Les possibilités de programmations sont bien plus nombreuses qu'avant, les anciens vont être un peu perdu au départ, mais ça devrait revenir rapidement.
Comme tout nouveau système, il se peut qu'il reste des bugs dedans, donc, on aura besoin que vous cherchiez la petite bête dedans, histoire de le faire crasher.

Autre chose, ce nouveau système de programmation va nous obliger à effacer votre programmation actuelle (le nouveau système n'étant absolument pas compatible avec l'ancien).
Donc c'est normal si lorsque vous vous reconnecterez sur votre robot, tout sa programmation a disparu.

Dernière chose, pour ceux qui n'ont pas encore reçu leur clé  ... *roulement de tambour* vous l'aurez lundi; le temps pour nous et les bêta testeurs actuels de bourriner un peu le nouveau système de programmation, et de dégrossir la chose.

----------


## Pandalex

Wouhou ! ('fin jespère)

----------


## Carpette

Mise à jour en ligne.
Vous pouvez revenir vous foutre sur la gueule.

----------


## Carpette

250 clés en cours d'envoi au moment même où j'écris ces lignes.
Si vous n'êtes pas parmis les heureux élus ... désolé (mais on a gardé vos mails pour un prochain envoi).

Il n'y aura plus d'annonce pour de nouvelles inscriptions à la béta, vu qu'on a eu une demande de clé supérieure à ce qu'on comptait envoyer, donc si vous n'avez rien reçu, vous aurez peut être un mail sans lire d'annonce sur CPC.

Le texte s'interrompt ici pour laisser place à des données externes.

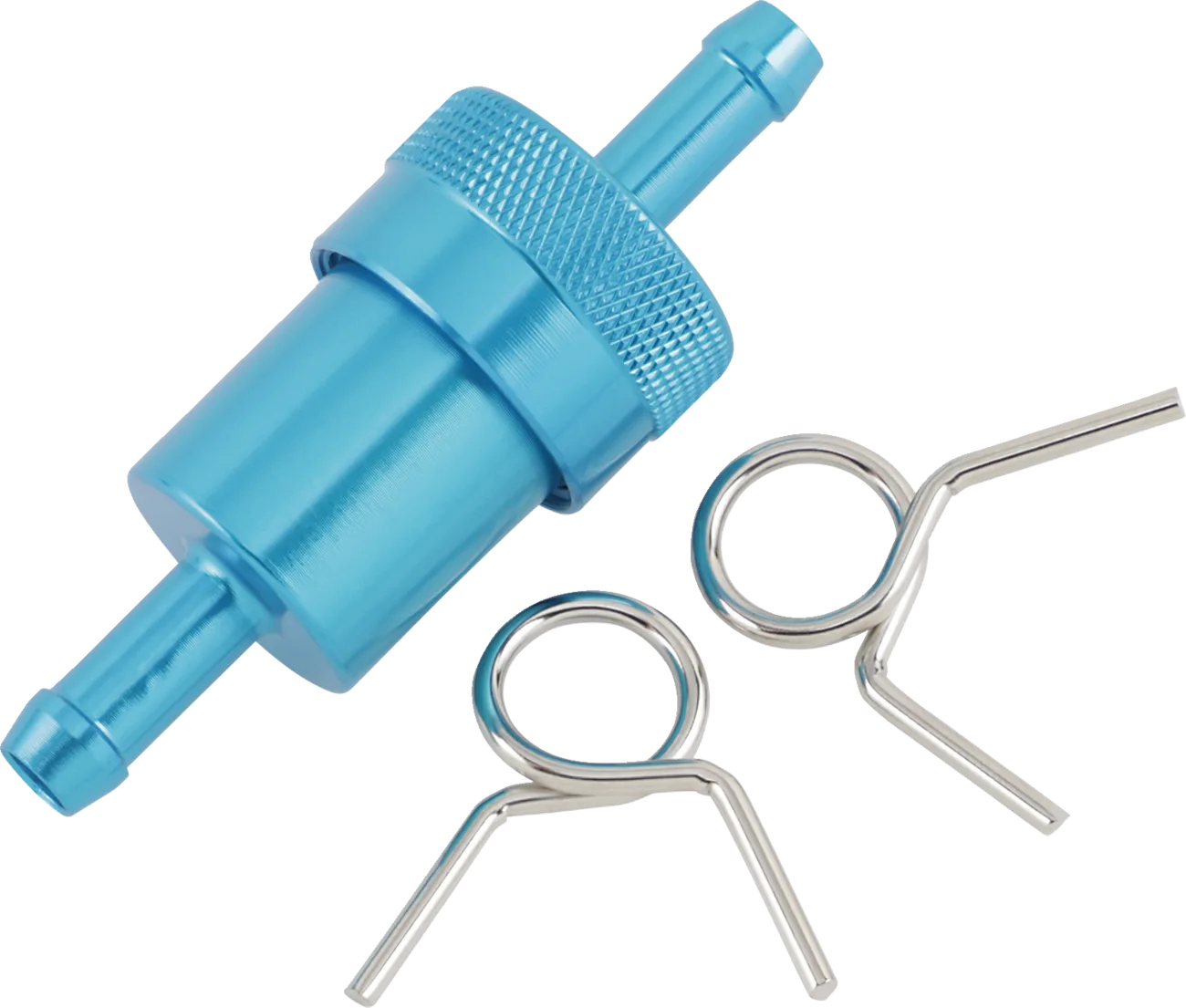 Anodized Aluminum Fuel Filter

Encore une fois, vos retours sont importants pour nous, donc n'hésitez pas à en faire sur le forum du jeu, ou sur le forum CanardPC (il y a un topic Gnobot ici)

----------


## Rat-Cochon de l'espace

Le prochain envoi est prévu pour quelle année au juste ?

----------


## Gwargl

Bien vu le nouveau mode de programmation. Plus intuitif que l'ancien.

----------


## Pandalex

Je connaissais pas l'ancien mais le "?" en face de la première flèche qui reste en permanence me perturbe ...

----------